I have 2 middle manager nodes, 1 with a capacity of 3 workers and another one with a capacity of 15. I assigned 9 indexing tasks, and only 6 are being processed, 3 per each Middle Manager node. I verified that the middle manager has workers not being used.

Is an heterogeneous worker configuration for middle managers not supported? Otherwise, what could I have misconfigured?

I think I found the cause, it was caused by using a week machine : m4.large. I just tested this scala code on a single virtual core machine (t2.micro) :

tasks.map { task =>
Future(index(task))
}

and the outcome is basically :

tasks.map { task =>
index(task)
}
which is surprising to me, I thought that there should be some context switching applied and that it would let the blocking code run by multiple threads, just not concurrently.

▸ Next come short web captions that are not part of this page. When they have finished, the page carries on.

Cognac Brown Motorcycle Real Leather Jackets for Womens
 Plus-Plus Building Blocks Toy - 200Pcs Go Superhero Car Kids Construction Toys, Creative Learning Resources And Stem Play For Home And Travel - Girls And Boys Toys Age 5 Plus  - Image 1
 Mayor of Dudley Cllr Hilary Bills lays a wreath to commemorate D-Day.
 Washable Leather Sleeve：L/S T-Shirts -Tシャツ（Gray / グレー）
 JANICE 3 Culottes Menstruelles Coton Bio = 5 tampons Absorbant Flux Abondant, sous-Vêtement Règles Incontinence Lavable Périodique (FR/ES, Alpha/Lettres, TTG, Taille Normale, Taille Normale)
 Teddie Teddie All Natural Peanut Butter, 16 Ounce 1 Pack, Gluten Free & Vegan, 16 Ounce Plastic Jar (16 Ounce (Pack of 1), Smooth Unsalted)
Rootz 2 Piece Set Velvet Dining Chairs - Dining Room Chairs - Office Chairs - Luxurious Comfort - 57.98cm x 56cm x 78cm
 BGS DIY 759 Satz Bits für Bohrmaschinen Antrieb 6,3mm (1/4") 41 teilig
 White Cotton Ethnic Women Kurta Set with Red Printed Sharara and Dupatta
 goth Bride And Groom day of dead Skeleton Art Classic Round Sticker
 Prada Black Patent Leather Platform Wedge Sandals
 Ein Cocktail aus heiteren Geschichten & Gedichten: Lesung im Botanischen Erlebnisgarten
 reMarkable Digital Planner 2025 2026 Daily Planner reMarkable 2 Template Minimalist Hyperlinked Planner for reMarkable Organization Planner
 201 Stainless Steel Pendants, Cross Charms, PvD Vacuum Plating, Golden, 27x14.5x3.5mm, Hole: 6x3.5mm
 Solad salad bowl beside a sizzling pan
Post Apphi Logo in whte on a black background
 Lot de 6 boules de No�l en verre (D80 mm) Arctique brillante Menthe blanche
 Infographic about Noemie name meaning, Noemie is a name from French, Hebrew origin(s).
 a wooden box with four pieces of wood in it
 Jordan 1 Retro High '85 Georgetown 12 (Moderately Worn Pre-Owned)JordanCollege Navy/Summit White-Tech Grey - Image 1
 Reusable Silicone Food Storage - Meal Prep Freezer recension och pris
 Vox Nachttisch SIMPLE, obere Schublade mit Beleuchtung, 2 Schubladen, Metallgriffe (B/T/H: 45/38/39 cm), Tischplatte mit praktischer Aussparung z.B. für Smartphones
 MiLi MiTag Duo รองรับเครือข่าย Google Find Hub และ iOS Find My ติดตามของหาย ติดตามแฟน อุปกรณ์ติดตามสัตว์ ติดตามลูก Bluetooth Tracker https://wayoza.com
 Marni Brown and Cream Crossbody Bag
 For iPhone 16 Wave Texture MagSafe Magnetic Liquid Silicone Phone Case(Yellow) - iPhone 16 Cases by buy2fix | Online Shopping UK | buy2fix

So the count of indexing tasks was always limited by # of virtual cores of the machines I was using, which was 1,2,4 and 8 :slight_smile:

When i started the indexing code on a m4.2xlarge machine it was issuing 8 requests in parallel …

I’m using Futures for 7 years now and I was sure that even on a single virtual core machine they would run in parallel, just not concurrently.

Discovery of the day !!!

So the solution is using ExecutionContext with unlimited number of threads in its threadpool … on the client application…

My fault. Thanks !!!

Omg I’m answering to a different, similar thread, see :

https://groups.google.com/forum/#!topic/druid-user/lxY7fWGE03M

No worries Jakub. It happens.

Carlos, the indexing service has locks to prevent tasks from overriding each other and writing the same pieces of data. Can you verify that your data does not overlap in any way?

Hello,

I verified that my data is different all around. I am going to try to reproduce the configuration again.